Tiene hoy un valor de símbolo y augurio trágico recordar que la primera obra teatral de Federico García Lorca se tituló Mariana de Pineda, la heroína andaluza fusilada por bordar «la bandera de la Libertad». García Lorca cae por la misma causa. Sus manos de poeta habían bordado también una magnífica bandera de arte liberal, popular y español.

El Romancero gitano. Bodas de sangre. Yerma —rojo de drama, oro de arte, morado de pasión—, eran una magnífica enseña de sentido liberal, democrático y popular.

Con Alejandro Casona, García Lorca traía a nuestro teatro, anquilosado en conflictos domésticos de una burguesía frivola, aires nuevos, vibraciones magníficas del ambiente de la calle, las emociones y las inquietudes de una España democrática, que —ahora se está viendo— es capaz de forjar todo un mundo nuevo en un gigantesco alarde de heroísmo y sacrificio.

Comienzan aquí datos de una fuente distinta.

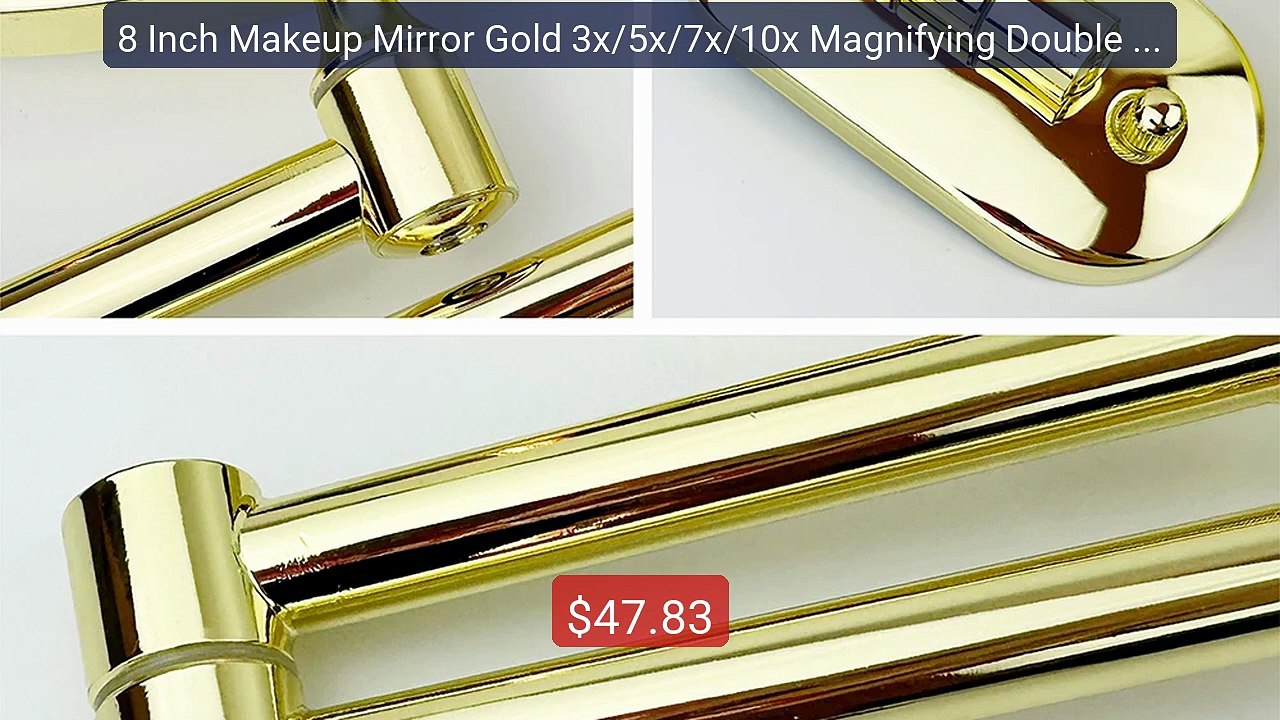 8 Inch Makeup Mirror Gold 3x/5x/7x/10x Magnifying Double Side ... -- Hot Deal 2026 | Limited Offer!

Descanse en paz el gran poeta inmolado. Y si es cierto, como creían los gentiles, que el alma de sus criaturas acompaña al Olimpo a su creador, ¡qué magnífico cortejo, barroco y brillante, habrá llevado García Lorca en su tránsito! Con él irían Antoñito el Cimborrio, bronce y sueño gitano, bravo y enamorado, y cantándole «alegrías», la Zapaterita, arisca y celosa; y Yerma, la hembra por excelencia que brama el dolor de sus entrañas estériles, y todo un coro de lavanderas serranas y de gitanillas pintureras, y de mozos cetrinos caballista y cantores... Aglomeración barroca, carne, sangre y alma del pueblo, veta magnífica de la España que hoy se bate por la libertad.

Y también en ese cortejo, y cerrándolo con su paso rítmico y marcial, los «civiles», la «pareja» «con alma de charol», que García Lorca viera por los caminos, y que quizá ya llevaran en la recámara de sus máuseres las balas que hablan de destrozar la vida del poeta.